When activated in this way, the ion channels open to allow an inflow of sodium or other positively charged ions. Such a surge of electrical charge into a nerve can initiate a signal that travels up the nerve and to the brain via a relay of neurons along the spine.
In the earlier study, Patapoutian's team found evidence that Piezo2 proteins are made within touch-sensing neurons, including gentle-touch neurons that extend their nerves into the skin and against the mysterious Merkel cells.
In the new study, Patapoutian and his colleagues set out to learn more.
In Pursuit of Answers
The team began by creating a line of mice in which the activity of the Piezo2 gene also causes the production of a fluorescing protein called GFP. Guided by these fluorescent beacons as well as other markers, they found a high concentration of Piezo2 in Merkel cells in the skin of the mice.

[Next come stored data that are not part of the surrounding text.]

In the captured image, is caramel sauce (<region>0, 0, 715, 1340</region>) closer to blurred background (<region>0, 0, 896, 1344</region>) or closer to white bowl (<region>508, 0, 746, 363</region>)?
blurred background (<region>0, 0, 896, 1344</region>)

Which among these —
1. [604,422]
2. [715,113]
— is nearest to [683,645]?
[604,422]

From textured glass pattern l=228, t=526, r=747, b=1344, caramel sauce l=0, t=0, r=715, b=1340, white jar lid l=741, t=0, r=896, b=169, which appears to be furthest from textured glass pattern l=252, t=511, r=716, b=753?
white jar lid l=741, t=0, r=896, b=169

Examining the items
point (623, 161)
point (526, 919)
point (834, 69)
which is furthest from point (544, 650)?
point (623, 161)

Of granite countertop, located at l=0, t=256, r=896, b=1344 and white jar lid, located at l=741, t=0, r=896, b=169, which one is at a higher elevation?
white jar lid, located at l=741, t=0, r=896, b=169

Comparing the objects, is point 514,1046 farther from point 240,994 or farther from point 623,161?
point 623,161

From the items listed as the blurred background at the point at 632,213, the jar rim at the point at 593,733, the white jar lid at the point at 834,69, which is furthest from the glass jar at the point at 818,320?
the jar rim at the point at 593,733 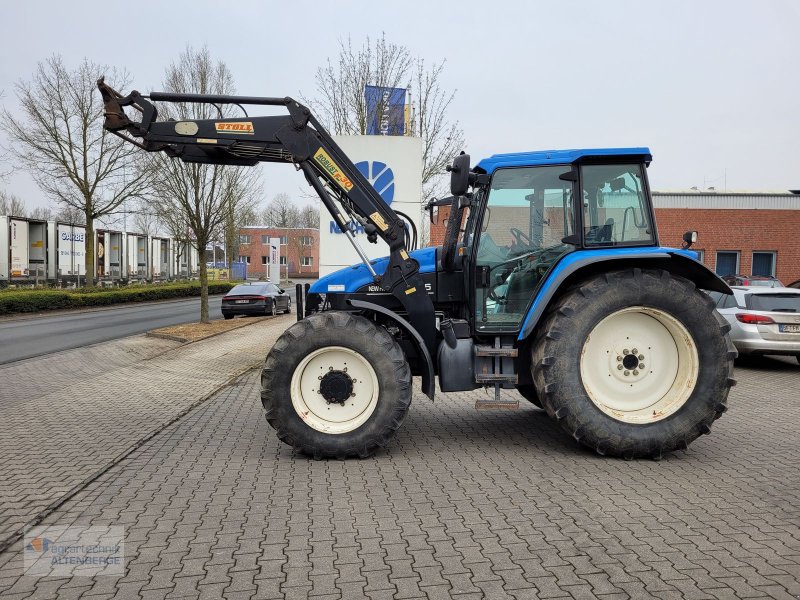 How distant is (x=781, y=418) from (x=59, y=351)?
1407cm

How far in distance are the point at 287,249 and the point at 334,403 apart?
8199 centimetres

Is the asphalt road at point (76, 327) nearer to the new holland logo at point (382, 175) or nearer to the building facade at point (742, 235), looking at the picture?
the new holland logo at point (382, 175)

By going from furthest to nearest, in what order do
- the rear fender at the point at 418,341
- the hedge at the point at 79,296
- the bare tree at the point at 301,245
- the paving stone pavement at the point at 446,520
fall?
the bare tree at the point at 301,245, the hedge at the point at 79,296, the rear fender at the point at 418,341, the paving stone pavement at the point at 446,520

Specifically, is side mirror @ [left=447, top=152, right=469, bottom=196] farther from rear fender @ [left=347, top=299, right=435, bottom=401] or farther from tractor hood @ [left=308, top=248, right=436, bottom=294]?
rear fender @ [left=347, top=299, right=435, bottom=401]

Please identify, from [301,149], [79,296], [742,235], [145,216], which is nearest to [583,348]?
[301,149]

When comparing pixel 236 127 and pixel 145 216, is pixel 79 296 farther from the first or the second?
pixel 236 127

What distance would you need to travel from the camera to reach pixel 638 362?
20.2ft

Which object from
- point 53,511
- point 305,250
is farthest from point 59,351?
point 305,250

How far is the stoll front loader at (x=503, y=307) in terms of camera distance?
235 inches

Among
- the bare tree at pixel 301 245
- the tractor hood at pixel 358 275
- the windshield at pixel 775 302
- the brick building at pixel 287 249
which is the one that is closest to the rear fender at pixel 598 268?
the tractor hood at pixel 358 275

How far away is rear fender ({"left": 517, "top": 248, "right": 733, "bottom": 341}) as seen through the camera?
6.02 metres

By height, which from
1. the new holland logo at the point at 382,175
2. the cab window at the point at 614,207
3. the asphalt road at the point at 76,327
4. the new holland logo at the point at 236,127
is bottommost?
the asphalt road at the point at 76,327

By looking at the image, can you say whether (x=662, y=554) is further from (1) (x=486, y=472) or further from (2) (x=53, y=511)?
(2) (x=53, y=511)

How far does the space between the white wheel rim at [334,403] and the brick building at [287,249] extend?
7772cm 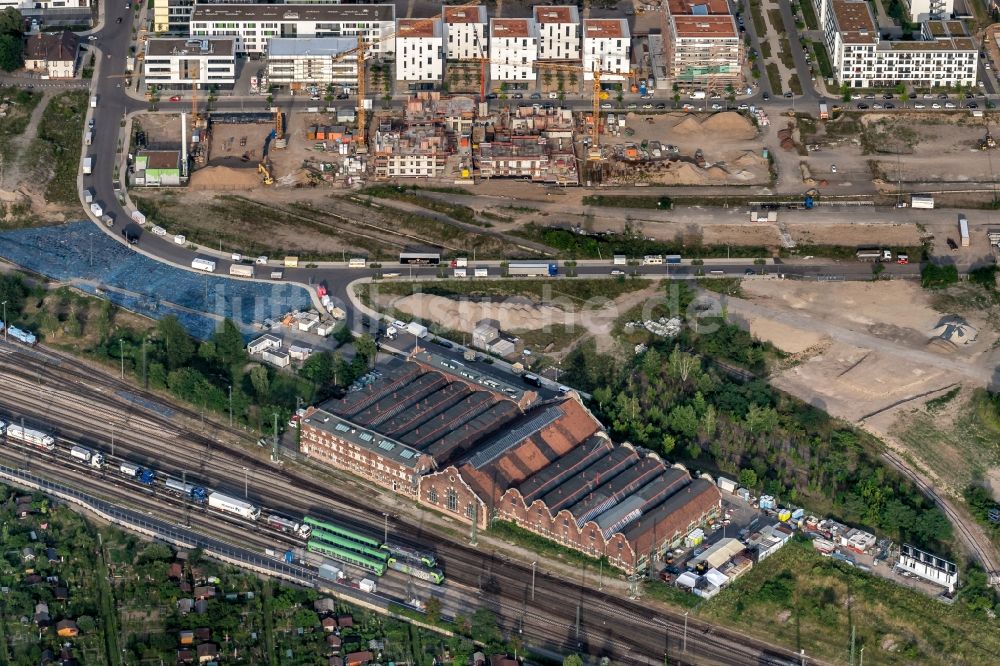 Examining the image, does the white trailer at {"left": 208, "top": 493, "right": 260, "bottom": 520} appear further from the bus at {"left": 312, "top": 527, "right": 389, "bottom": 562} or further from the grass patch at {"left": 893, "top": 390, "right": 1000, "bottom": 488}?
the grass patch at {"left": 893, "top": 390, "right": 1000, "bottom": 488}

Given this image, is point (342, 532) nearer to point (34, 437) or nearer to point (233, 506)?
point (233, 506)

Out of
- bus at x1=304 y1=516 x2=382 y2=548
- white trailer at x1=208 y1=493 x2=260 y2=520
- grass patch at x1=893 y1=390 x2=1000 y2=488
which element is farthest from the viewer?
grass patch at x1=893 y1=390 x2=1000 y2=488

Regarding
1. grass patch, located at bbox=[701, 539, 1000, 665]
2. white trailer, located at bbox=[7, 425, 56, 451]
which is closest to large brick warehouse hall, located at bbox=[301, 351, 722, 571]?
grass patch, located at bbox=[701, 539, 1000, 665]

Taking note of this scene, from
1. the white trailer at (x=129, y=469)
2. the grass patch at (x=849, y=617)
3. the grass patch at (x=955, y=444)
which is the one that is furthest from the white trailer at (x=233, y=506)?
the grass patch at (x=955, y=444)

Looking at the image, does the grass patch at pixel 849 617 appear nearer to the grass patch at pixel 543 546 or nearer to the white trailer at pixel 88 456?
the grass patch at pixel 543 546


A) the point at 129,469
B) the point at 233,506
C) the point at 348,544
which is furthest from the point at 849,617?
the point at 129,469

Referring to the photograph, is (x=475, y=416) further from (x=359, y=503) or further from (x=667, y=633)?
(x=667, y=633)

"You can easily miss Piezo2 expression in the skin, because it's not highly expressed there, aside from the tiny population of Merkel cells," said first author Seung-Hyun Woo, a postdoctoral fellow in the Patapoutian laboratory.
Next the researchers sought proof of Piezo2's role in Merkel cells, essentially by subtracting the protein from those cells and observing the result. To do thisa particularly challenging featthey created a new line of mice in which the Piezo2 gene is specifically "knocked out" of all skin cells, including Merkel cells, but left intact everywhere else where it is ordinarily produced.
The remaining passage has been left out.